Já na visão dos alunos as propostas da medida também geram divergentes opiniões. Para Stefany Alves, 16 anos, estudante do colégio 24 de Outubro, por exemplo, “Eu acho que nós que estamos no ensino médio já entendemos o que nós queremos para o futuro, por isso por mais que tenha uma dúvida acho que todos temos uma noção do que queremos. Então para mim seria muito melhor estudar só aquilo que eu vou precisar na minha faculdade ou trabalho, do que perder tempo estudando coisas que eu nunca mais irei estudar depois da escola.”

Em contrapartida a isso, Nathalia Ribeiro, 14, aluna do 1° ano do colégio San Rafael discorda dessa proposta e afirma “Se eu tivesse que escolher já ano que vem o que eu quero eu acho que ainda não saberia, porque eu acho que sou muito nova ainda para ter que escolher uma coisa que eu só vou saber quando eu tiver que entrar na faculdade. E acho que talvez até depois da faculdade eu não sei se já vou ter certeza de qual área quero para mim.” 

Matérias optativas e flexibilidade curricular

André Santos, 18, aluno do 3° ano do colégio Colégio Estadual Prof. Joaquim Vieira Sobral, por exemplo, não é favorável a não obrigatoriedade dessas disciplinas “Pelo que eu percebo dos meus colegas, infelizmente os alunos vão preferir não estudar essas matérias, já que eles não serão obrigados. O que será muito triste porque as matérias de sociologia e filosofia são muito importantes, por nos ajudarem a pensar; e educação física é muito importante também, pois muitos jovens são sedentários e não gostam de praticar esportes.”. 

Para Luan Vasconcelos, 17, que acabou de concluir o ensino médio no Colégio Purificação a flexibilidade pode ser prejudicial por gerar disparidade numérica entre as áreas escolhidas “Eu acho bem provável que muitos estudantes escolham uma área por influência dos amigos ou por acharem que é mais fácil, e acredito que possa acabar acontecendo de uma área ter muitos alunos matriculados, enquanto a outra tenha poucos, ou nenhum.”

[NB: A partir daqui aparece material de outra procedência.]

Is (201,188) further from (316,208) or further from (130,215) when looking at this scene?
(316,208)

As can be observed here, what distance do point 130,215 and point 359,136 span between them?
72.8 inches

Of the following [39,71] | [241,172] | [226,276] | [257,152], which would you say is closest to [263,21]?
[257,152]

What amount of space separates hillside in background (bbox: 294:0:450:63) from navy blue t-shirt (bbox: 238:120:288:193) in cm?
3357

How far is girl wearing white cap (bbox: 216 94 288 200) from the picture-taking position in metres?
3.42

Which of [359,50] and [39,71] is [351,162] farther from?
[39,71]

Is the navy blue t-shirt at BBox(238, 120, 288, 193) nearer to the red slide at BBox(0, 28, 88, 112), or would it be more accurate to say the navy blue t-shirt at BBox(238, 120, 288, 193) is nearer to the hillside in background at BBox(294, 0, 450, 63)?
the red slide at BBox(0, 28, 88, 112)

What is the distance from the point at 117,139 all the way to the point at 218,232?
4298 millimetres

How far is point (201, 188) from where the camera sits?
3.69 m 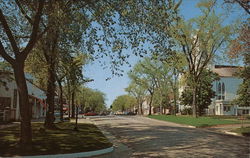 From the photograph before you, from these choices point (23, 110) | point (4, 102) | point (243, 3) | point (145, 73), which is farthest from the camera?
point (145, 73)

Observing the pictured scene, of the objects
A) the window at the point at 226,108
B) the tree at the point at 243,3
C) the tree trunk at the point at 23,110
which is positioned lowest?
the window at the point at 226,108

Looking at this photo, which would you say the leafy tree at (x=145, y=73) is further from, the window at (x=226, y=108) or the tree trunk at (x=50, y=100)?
the tree trunk at (x=50, y=100)

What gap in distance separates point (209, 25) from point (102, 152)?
104ft

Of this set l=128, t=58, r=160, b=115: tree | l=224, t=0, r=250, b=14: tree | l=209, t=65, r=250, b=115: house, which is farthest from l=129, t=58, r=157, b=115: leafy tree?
l=224, t=0, r=250, b=14: tree

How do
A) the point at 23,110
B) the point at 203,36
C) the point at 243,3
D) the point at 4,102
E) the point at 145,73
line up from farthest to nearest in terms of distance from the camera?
the point at 145,73, the point at 203,36, the point at 4,102, the point at 243,3, the point at 23,110

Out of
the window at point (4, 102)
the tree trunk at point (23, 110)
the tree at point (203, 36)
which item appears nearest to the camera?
the tree trunk at point (23, 110)

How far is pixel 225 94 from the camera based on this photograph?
83.8 m

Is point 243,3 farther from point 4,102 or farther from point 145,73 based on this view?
point 145,73

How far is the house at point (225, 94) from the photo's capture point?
255 feet

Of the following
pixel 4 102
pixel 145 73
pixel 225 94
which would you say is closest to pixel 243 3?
pixel 4 102

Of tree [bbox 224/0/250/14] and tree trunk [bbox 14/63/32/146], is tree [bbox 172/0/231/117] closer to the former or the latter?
tree [bbox 224/0/250/14]

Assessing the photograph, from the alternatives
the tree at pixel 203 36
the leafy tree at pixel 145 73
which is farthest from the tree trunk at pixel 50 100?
the leafy tree at pixel 145 73

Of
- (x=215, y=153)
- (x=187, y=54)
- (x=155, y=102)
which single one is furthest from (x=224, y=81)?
(x=215, y=153)

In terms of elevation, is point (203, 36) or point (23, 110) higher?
point (203, 36)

Portanto pode-se perceber o quanto essa lei vem gerando cada vez mais diversas opiniões, que são discordantes entre os participantes do ensino médio – sejam eles alunos, professores ou gestores – e a tendência é que essas discussões se intensifiquem conforme as pessoas possuam mais conhecimento sobre a MP, e principalmente enquanto as propostas continuem sendo massivamente divulgadas pelo governo.